EXERCISE BRIEF: Find the line containing "Papel De Seda", then print it and each following line through the end of the records, exactly and with nothing added; leave out any pictures.

[RECORDS SHOWN]

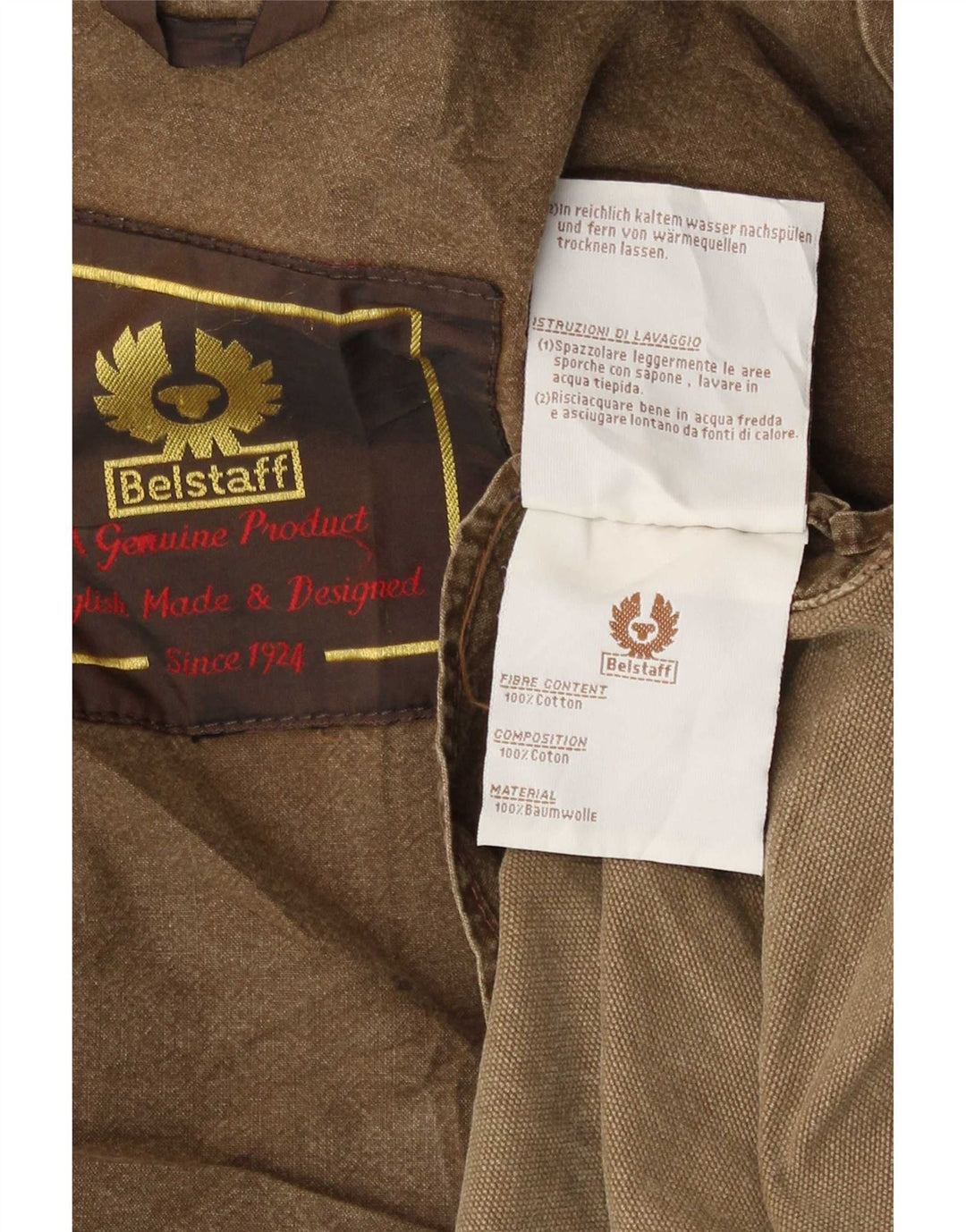 Belstaff Mens Utility Jacket UK 38 Medium Brown Cotton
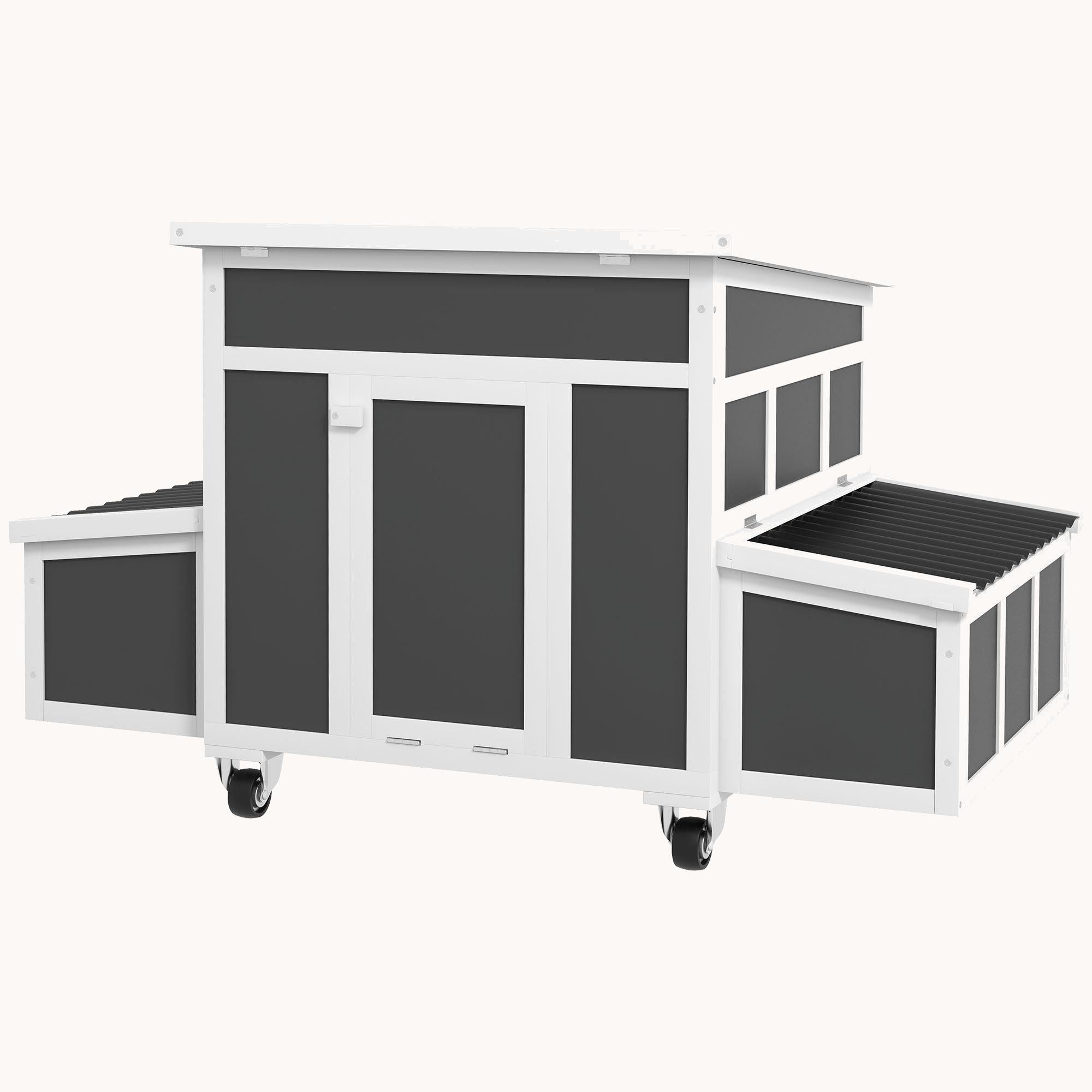 Mobile Chicken Coop with 2 Nesting Boxes, Tray & Wheels, Dark Grey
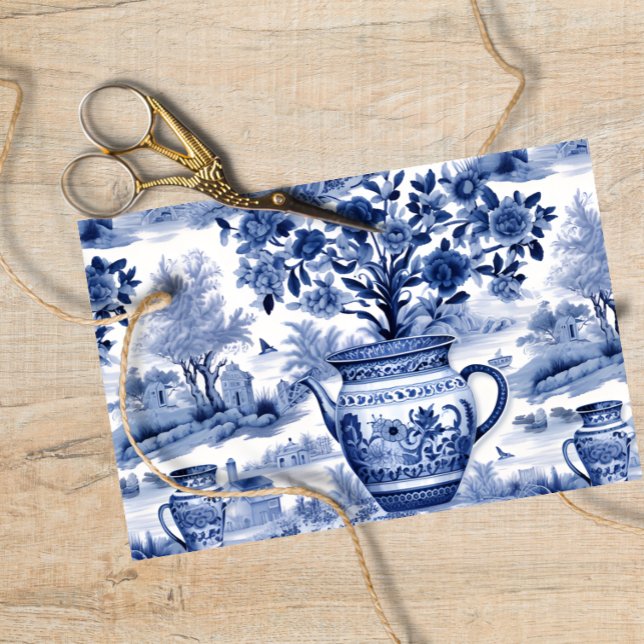 Papel De Seda Vase Floral de Dissociação Selvagem Azul (Criador carregado)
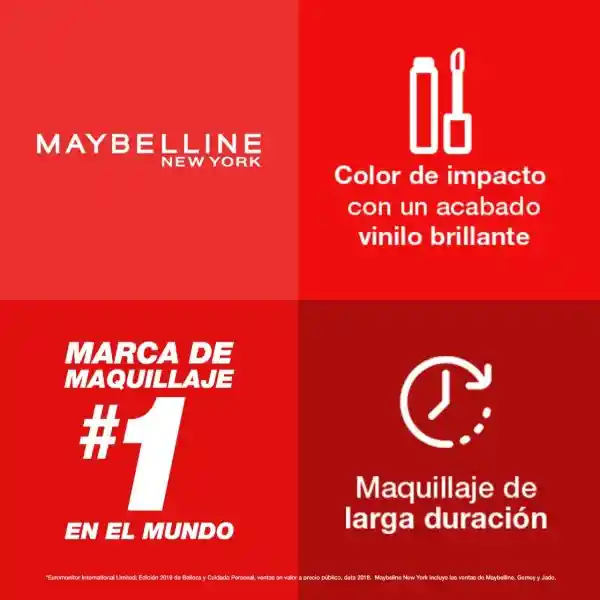 Maybelline Labial Líquido Superstay Vinyl Ink Red-hot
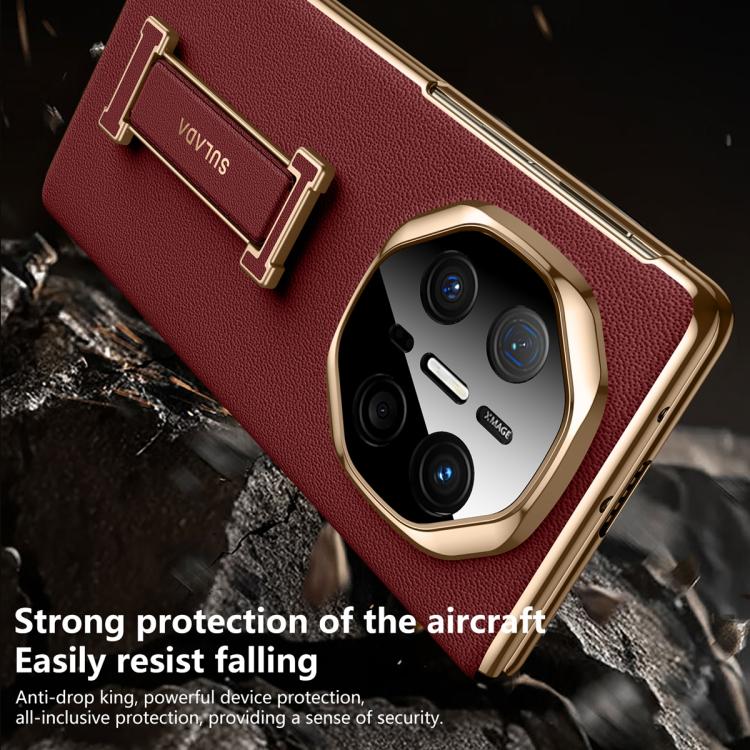 For Huawei Mate X6 SULADA Wristband Holder Shell Film Integrated Genuine Leather Phone Case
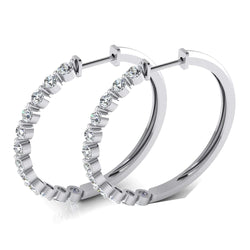 Ladies Floating Round Genuine Natural Earth Mined Diamond Hoop Earrings 3.60 Carats 1.5 Inches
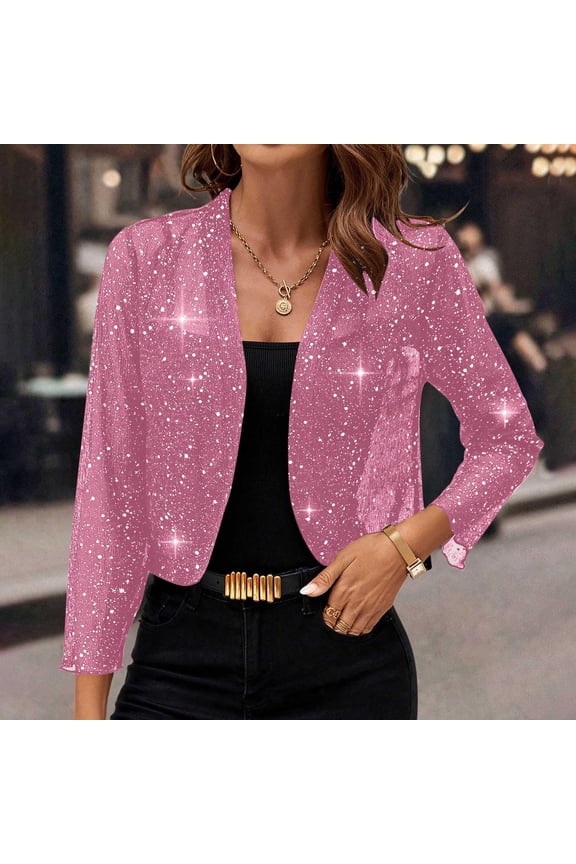 Women's Sequin Sparkly Cropped Cardigan Dressy Casual Shrugs for Evening Dresses Long Sleeve Open Front Shiny Jacket Pink 2XL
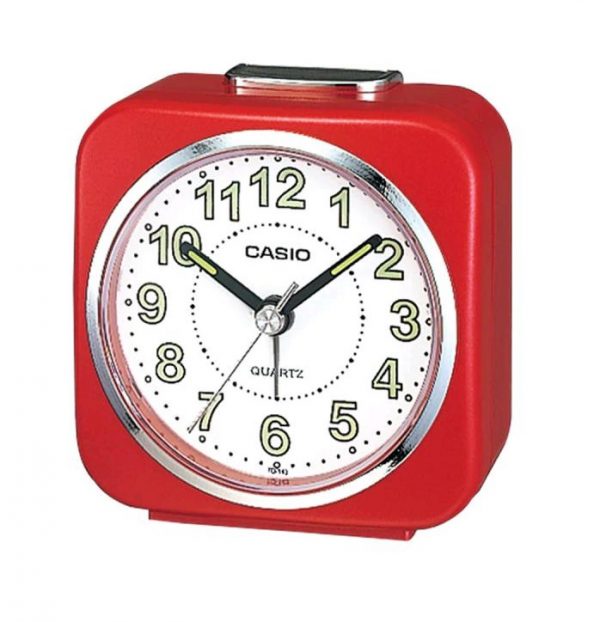 שעון מעורר אנלוגי מרובע אדום עם לוח לבן קסיו TQ-143S-4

[/RECORDS SHOWN]

FINISHED TASK:
 Papel De Seda Vase Floral de Dissociação Selvagem Azul (Criador carregado)
 Maybelline Labial Líquido Superstay Vinyl Ink Red-hot
 For Huawei Mate X6 SULADA Wristband Holder Shell Film Integrated Genuine Leather Phone Case
 Ladies Floating Round Genuine Natural Earth Mined Diamond Hoop Earrings 3.60 Carats 1.5 Inches
 Women's Sequin Sparkly Cropped Cardigan Dressy Casual Shrugs for Evening Dresses Long Sleeve Open Front Shiny Jacket Pink 2XL
 שעון מעורר אנלוגי מרובע אדום עם לוח לבן קסיו TQ-143S-4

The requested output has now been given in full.